**AIM OF THE TASK**
If a line in the entries below includes the string "small", copy it out.

***** RECORDS SHOWN

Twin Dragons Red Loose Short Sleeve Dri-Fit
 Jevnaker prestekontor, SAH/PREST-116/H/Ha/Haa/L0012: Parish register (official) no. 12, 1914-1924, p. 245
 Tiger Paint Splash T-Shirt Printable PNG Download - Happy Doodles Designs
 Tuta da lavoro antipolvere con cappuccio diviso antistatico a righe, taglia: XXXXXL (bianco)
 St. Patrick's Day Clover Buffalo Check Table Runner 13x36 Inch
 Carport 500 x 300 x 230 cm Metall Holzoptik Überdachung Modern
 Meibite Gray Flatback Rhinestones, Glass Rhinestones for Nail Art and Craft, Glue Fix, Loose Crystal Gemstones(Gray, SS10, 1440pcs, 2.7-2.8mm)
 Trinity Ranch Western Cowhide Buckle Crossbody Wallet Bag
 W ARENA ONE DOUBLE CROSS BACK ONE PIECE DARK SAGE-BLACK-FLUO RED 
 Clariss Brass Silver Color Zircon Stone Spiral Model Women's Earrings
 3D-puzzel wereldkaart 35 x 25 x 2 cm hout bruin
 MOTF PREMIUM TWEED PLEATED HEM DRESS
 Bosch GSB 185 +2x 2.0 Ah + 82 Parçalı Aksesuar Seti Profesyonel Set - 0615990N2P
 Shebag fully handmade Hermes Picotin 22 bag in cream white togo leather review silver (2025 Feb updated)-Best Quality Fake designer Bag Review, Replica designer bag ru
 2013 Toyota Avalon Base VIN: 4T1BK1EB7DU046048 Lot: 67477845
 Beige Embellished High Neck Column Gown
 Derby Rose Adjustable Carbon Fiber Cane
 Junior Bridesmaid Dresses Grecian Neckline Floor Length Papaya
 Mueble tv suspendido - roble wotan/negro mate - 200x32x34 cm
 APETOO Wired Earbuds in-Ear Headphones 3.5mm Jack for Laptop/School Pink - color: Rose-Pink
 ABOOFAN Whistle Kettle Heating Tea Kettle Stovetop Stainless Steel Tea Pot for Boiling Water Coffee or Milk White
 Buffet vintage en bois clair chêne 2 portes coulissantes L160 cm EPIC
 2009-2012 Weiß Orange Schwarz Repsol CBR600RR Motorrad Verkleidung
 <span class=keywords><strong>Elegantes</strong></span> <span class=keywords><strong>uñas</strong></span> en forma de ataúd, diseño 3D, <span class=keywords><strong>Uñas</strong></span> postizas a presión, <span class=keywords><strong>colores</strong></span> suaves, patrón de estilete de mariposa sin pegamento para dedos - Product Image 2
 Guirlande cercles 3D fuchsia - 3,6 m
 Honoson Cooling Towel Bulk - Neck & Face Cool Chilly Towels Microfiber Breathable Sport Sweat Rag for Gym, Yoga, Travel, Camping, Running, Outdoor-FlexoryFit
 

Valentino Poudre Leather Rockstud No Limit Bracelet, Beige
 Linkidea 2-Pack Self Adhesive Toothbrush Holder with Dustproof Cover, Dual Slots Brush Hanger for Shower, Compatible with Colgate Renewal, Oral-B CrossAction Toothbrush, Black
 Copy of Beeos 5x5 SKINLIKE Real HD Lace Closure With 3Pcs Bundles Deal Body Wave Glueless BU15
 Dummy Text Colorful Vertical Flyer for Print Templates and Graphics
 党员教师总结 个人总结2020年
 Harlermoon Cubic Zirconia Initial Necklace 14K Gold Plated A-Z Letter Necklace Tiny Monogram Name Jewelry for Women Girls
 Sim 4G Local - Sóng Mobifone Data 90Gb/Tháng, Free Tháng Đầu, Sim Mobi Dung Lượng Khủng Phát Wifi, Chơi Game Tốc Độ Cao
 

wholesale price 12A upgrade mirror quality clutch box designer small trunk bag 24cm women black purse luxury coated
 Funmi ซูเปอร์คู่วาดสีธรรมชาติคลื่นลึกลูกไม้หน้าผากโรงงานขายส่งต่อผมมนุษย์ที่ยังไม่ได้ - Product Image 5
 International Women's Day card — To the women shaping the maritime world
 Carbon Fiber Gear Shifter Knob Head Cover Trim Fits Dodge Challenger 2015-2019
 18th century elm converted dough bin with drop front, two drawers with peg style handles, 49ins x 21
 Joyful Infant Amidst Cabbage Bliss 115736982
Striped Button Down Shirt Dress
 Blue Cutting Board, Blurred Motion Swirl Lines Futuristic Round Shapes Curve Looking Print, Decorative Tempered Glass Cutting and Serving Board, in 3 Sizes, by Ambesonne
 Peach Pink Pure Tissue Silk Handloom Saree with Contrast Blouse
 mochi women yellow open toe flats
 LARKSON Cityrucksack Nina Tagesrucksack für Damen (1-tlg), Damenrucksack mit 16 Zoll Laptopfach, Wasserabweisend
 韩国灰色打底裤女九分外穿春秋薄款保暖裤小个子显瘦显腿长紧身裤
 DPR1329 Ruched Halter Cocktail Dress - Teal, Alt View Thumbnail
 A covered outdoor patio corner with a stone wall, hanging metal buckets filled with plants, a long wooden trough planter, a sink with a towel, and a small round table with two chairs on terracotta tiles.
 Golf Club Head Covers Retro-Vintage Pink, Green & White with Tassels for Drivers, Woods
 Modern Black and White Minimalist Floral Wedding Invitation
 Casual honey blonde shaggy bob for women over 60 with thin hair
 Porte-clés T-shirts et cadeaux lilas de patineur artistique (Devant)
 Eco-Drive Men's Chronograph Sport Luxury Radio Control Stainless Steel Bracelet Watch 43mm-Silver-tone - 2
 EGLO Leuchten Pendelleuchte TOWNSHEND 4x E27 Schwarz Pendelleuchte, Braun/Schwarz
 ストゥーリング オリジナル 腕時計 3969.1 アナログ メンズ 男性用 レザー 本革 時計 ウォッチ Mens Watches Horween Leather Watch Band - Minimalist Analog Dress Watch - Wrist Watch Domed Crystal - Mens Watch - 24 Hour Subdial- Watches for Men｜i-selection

**********

**EXERCISE RESPONSE**
wholesale price 12A upgrade mirror quality clutch box designer small trunk bag 24cm women black purse luxury coated
 A covered outdoor patio corner with a stone wall, hanging metal buckets filled with plants, a long wooden trough planter, a sink with a towel, and a small round table with two chairs on terracotta tiles.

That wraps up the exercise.